HOIL4 Mar 2014 07:28
March 3, 2014
Heritage Oil plc
Production and Cashflow Growth
Our view: Ahead of April's FY13 results and development update,
and greater clarity on "pioneer status" tax terms in Nigeria,
considerable uncertainty surrounds the value/potential of Heritage's
OML30 development. Nevertheless, we have taken a view on the
opportunity; and, we continue to see significant upside potential. Our
Heritage Tangible NAV and Target Price have been increased to 407p/share
and 350p, respectively.
Key points:
• Hint: In January Heritage stated that it ended 2013 with cash of $190m,
which beat our forecast. Our initial assumption was that the company
paid less tax in Nigeria than we anticipated. This view appeared to be
confirmed last week when the company stated that its tax discussions
with the Nigerian government had concluded successfully.

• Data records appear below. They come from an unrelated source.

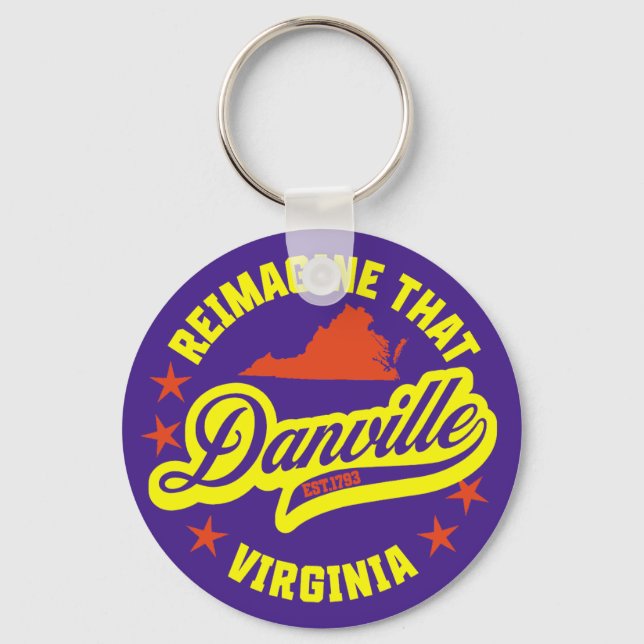 Llavero Danville, Virginia (Anverso)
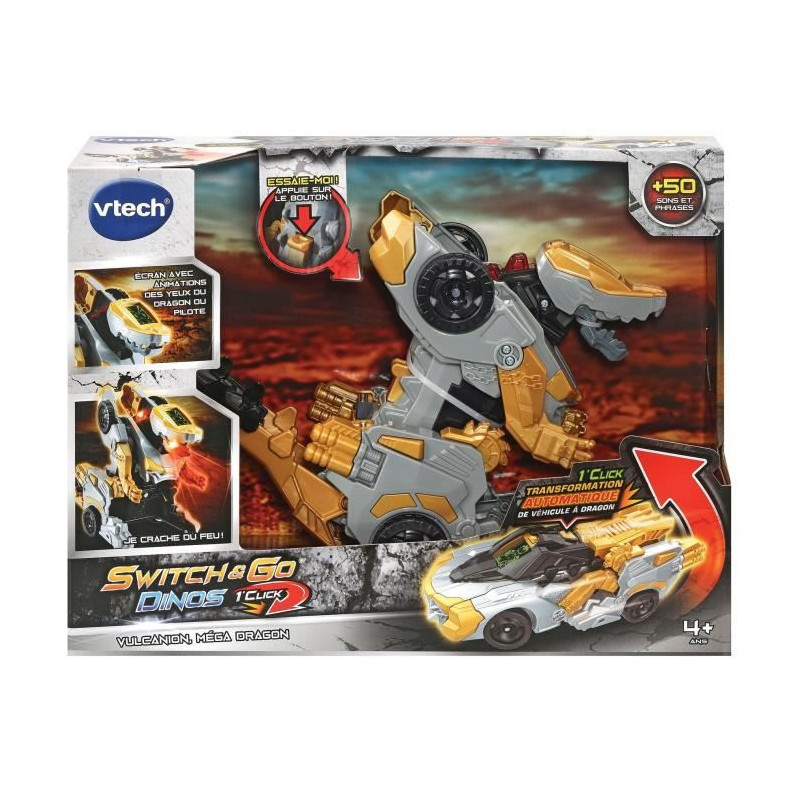 VTECH - Switch & Go Dinos - 1'click - Vulcanion, Mega Dragon
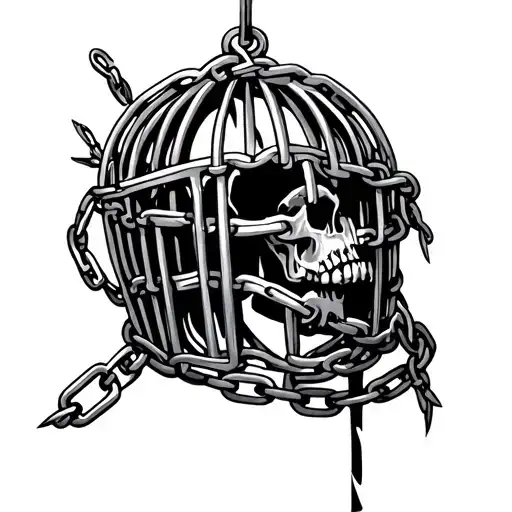 Cage And Chain Wrapped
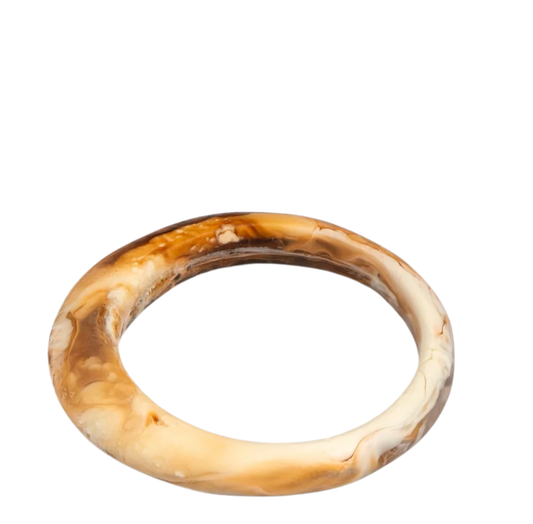 Small Organic Bangle | Light Horn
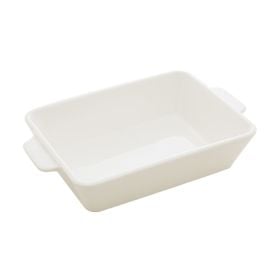 Travessa De Porcelana Com Alça Basic Lyor -  2,14 Litros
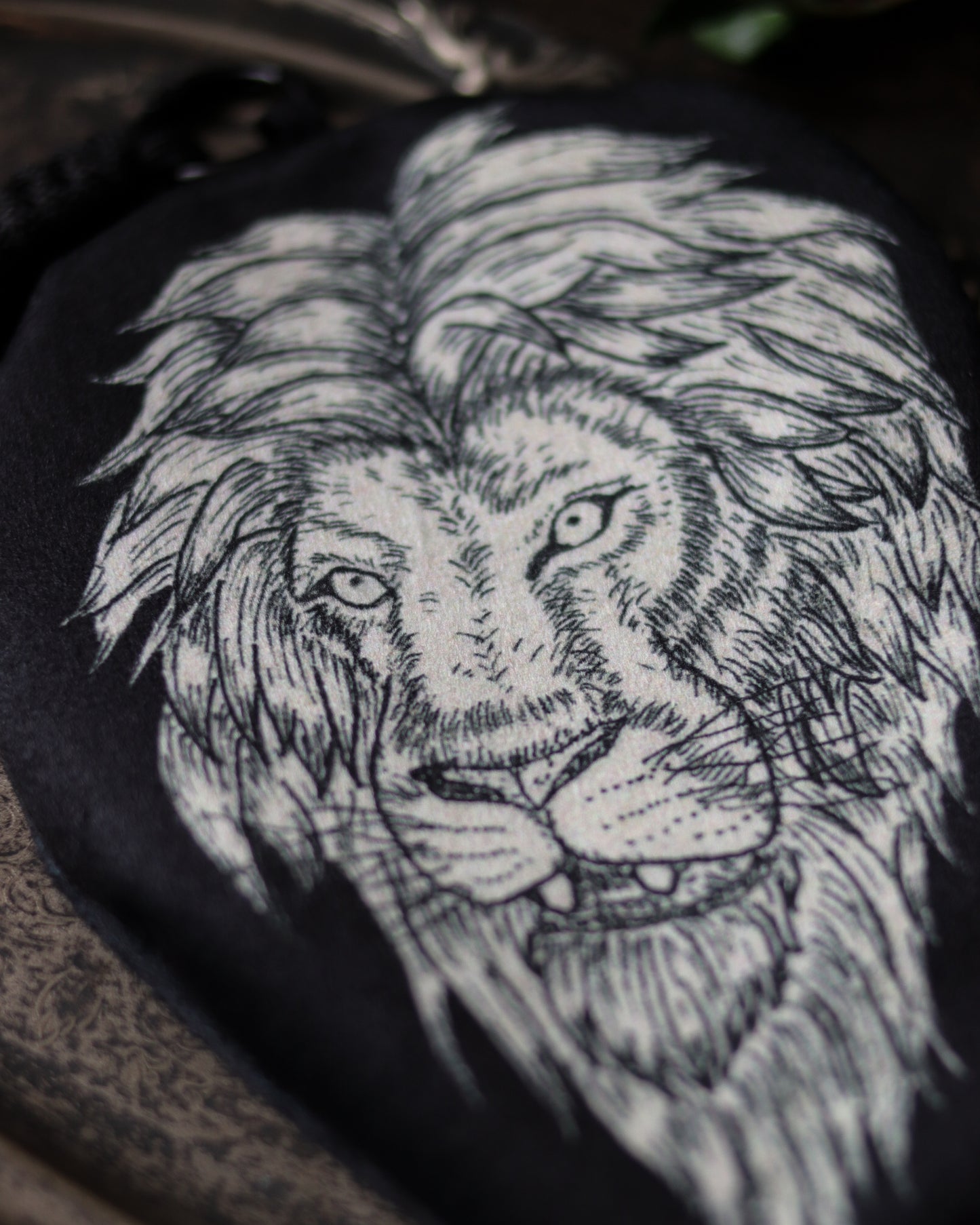 Zipper pouch - lion 拉鍊小掛袋 - 獅子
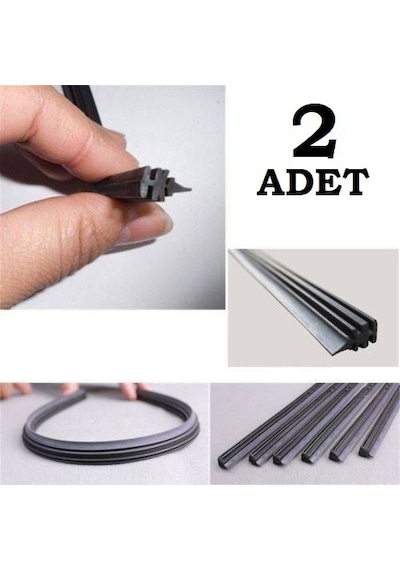Silecek Lastiği 60 CM 2 Adet Telsiz Silecek Silgi Lastik Telsiz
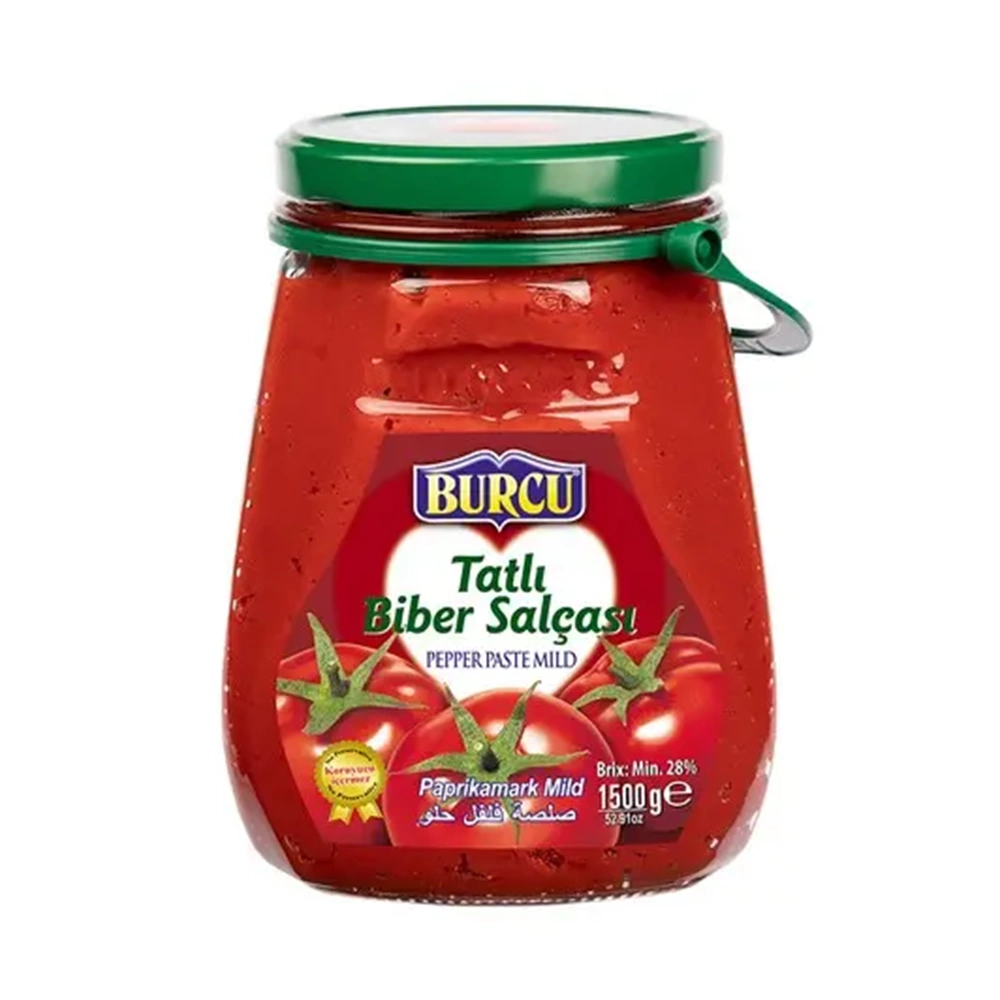BURCU TATLI BİBER SALÇASI 1500GR CAM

• Less taxing times: Heritage and its Nigeria-focused peers are trying
to secure “pioneer status”, whereby they would enjoy a five-year tax
holiday.
• Assumptions: At this stage it would be optimistic to assume that
Heritage will pay zero tax for five years; however, we do anticipate
a marked reduction from the prevailing ~66% marginal field rate. We
assume the tax deal has an effective date that coincided with the Q4/12
acquisition.
• Updates: We expect Heritage to publish an updated OML30
development plan (production and capex guidance) with its FY13 results
in April; greater clarity should increase investors' confidence in the
project. In the meanwhile views on taxation may be forthcoming from
Heritage's Nigeria-focused peers.
• OML30 Output: Production has increased to ~50,000b/d on the back
of efficiency gains - better uptime and improved maintenance. But
given a tax holiday, there is significant merit in drilling additional wells
and ramping up production. That said, we believe that the 300,000b/
d production target published at the time of the OML30 acquisition
is aspirational. We assume that the ~1bn barrel of 2P reserves are
produced at a lower, ~150,000b/d, plateau rate.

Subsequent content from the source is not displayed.